AIM OF THE EXERCISE
Would you transcribe exactly the lines from the one containing "Veg Hakka Noodles" to the last line of the data below, both ends included, but none of the pictures?

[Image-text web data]
# # #
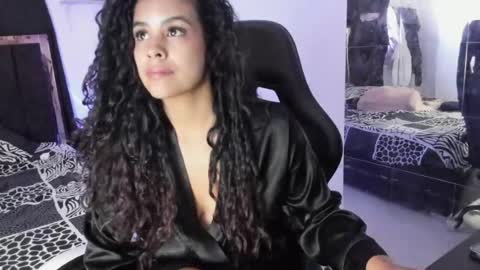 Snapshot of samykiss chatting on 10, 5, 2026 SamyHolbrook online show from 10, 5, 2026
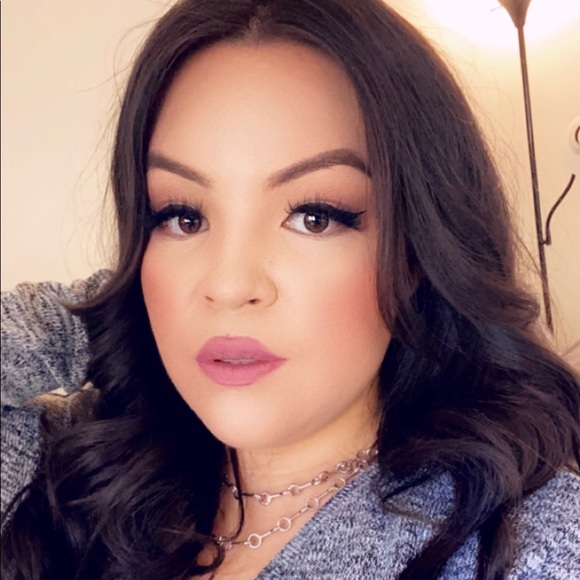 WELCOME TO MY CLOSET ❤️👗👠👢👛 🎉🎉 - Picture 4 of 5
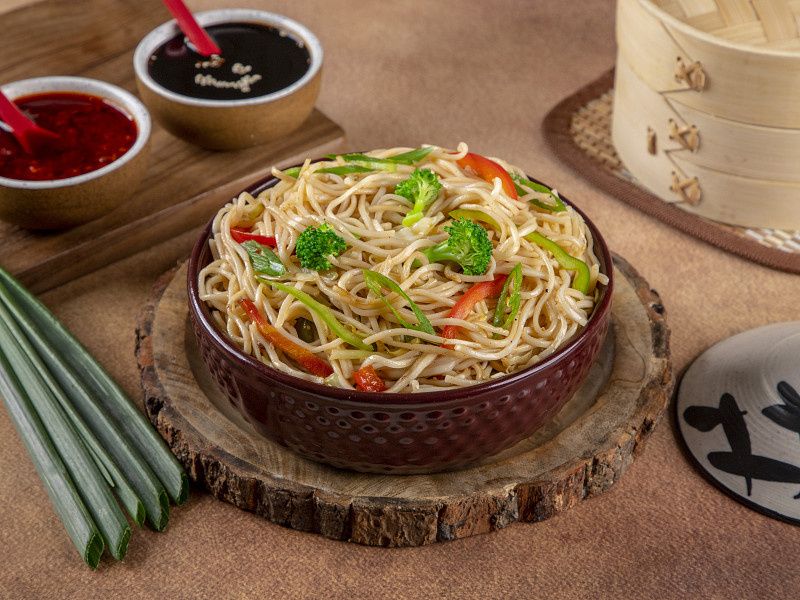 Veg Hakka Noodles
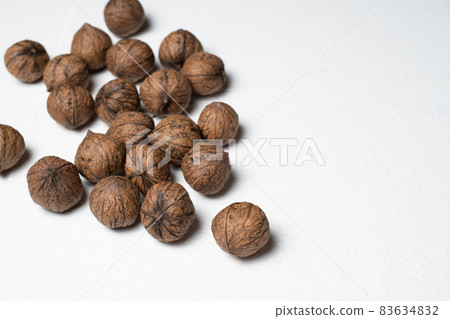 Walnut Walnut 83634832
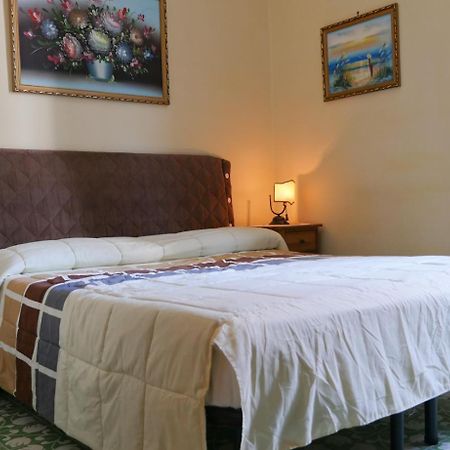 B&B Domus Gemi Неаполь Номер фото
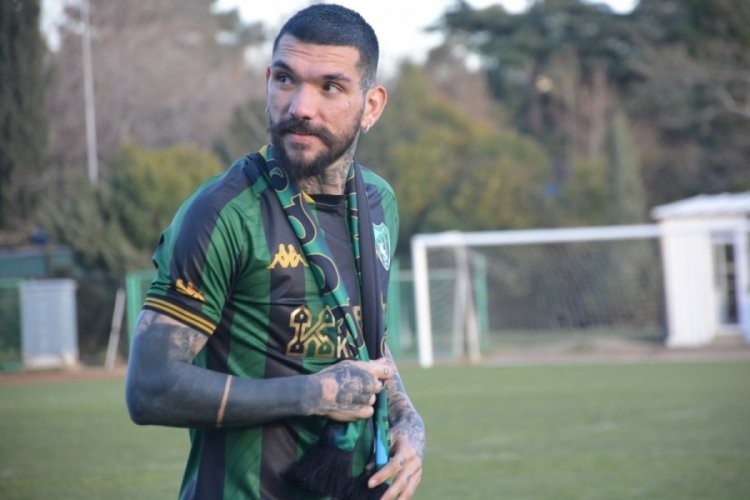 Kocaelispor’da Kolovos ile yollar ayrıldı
# # #
TASK RESPONSE
 Veg Hakka Noodles
 Walnut Walnut 83634832
 B&B Domus Gemi Неаполь Номер фото
 Kocaelispor’da Kolovos ile yollar ayrıldı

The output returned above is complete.